Thursday, March 7, 2019

STAFFING AND SERVICE COMPANIES UNDER ATTACK FROM USCIS

Staffing companies are under attack from the USCIS.  H-1B denial rates at service and staffing companies greatly exceed H-1B denial rates at non-staffing companies.  For instance, a recent Forbes article points out that,
 
In FY 2018, USCIS denied 80% of the H-1B petitions for new (initial) employment for Capgemini, a French multinational, 61% for U.S. company Cognizant, and between 34% and 54% for IT services companies Syntel, Infosys, Mindtree and HCL America. To put these figures in perspective, major U.S. tech companies, including Amazon, Facebook and Apple, had 1% or 2% of their new H-1B petitions denied in FY 2018.”
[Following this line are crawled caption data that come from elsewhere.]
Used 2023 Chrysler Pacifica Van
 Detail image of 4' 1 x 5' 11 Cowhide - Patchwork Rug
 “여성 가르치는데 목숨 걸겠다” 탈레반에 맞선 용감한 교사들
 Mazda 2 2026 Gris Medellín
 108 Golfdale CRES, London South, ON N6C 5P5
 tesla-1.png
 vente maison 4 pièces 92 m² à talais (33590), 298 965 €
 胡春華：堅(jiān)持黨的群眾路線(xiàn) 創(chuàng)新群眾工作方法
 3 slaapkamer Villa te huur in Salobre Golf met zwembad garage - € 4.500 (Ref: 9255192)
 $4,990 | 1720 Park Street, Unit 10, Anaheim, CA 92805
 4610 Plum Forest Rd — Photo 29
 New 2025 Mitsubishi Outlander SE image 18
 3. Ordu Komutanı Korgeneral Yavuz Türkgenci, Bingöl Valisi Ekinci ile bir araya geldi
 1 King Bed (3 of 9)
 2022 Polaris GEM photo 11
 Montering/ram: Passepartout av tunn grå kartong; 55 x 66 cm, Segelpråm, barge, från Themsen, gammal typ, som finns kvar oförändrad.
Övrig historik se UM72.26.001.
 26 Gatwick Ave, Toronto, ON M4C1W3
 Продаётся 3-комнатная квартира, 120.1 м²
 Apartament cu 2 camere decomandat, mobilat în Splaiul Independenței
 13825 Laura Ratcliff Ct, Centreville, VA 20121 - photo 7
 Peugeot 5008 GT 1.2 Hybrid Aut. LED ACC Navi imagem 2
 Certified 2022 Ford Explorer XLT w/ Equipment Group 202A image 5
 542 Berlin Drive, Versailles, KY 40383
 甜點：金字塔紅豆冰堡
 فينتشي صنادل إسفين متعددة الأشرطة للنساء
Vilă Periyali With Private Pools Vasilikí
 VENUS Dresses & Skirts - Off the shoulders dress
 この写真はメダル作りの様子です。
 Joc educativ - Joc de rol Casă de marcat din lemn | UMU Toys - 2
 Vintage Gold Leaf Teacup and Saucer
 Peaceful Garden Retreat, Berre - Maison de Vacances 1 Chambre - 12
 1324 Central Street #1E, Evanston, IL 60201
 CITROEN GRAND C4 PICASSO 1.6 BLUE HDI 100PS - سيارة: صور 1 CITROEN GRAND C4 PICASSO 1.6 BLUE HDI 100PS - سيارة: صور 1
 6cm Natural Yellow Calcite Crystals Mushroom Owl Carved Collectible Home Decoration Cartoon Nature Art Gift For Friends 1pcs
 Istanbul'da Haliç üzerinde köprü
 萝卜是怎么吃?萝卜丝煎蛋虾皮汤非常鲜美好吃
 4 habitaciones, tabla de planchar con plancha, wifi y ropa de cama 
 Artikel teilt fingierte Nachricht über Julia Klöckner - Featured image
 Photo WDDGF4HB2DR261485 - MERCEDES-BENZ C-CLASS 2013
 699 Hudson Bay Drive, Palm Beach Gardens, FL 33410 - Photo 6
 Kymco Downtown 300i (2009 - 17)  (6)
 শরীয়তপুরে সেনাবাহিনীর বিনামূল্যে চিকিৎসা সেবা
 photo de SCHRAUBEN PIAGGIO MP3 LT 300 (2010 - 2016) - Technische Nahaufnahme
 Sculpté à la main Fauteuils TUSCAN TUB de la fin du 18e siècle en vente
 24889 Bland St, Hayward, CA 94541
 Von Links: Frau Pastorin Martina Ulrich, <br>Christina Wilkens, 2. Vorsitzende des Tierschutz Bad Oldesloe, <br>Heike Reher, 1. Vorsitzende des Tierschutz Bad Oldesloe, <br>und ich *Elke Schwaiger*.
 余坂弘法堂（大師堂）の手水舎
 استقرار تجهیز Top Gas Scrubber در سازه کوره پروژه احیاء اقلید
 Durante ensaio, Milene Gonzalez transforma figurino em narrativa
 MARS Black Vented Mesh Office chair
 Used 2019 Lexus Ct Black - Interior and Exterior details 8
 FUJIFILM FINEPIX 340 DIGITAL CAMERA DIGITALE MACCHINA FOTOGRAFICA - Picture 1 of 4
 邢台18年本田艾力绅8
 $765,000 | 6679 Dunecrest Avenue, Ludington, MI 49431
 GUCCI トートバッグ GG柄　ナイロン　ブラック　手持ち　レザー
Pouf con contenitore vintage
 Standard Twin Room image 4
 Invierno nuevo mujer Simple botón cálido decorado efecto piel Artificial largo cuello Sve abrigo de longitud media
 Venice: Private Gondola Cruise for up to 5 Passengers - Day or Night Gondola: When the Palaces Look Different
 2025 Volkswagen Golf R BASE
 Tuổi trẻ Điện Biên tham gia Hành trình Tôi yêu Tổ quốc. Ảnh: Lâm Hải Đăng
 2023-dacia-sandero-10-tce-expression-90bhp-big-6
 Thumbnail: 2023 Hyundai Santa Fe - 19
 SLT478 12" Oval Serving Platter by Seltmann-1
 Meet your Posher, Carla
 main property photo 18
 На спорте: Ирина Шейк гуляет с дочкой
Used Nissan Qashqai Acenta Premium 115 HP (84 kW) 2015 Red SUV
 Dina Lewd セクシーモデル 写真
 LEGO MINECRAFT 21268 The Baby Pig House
The problem was once limited to IT staffing companies, but MU is aware of many healthcare staffing companies who are also seeing unprecedented RFEs.  A recent change to the LCA form now requires all H-1B employers to reveal client names and worksites. 

Adding to the concern is the long-rumored H-1B regulatory change that will cement current H-1B policies against third-party placement of H-1B workers, make a stricter definition of specialty occupation, and raise prevailing wages.  If past changes are any guide, these regulatory changes will probably have little basis in Congressional statute.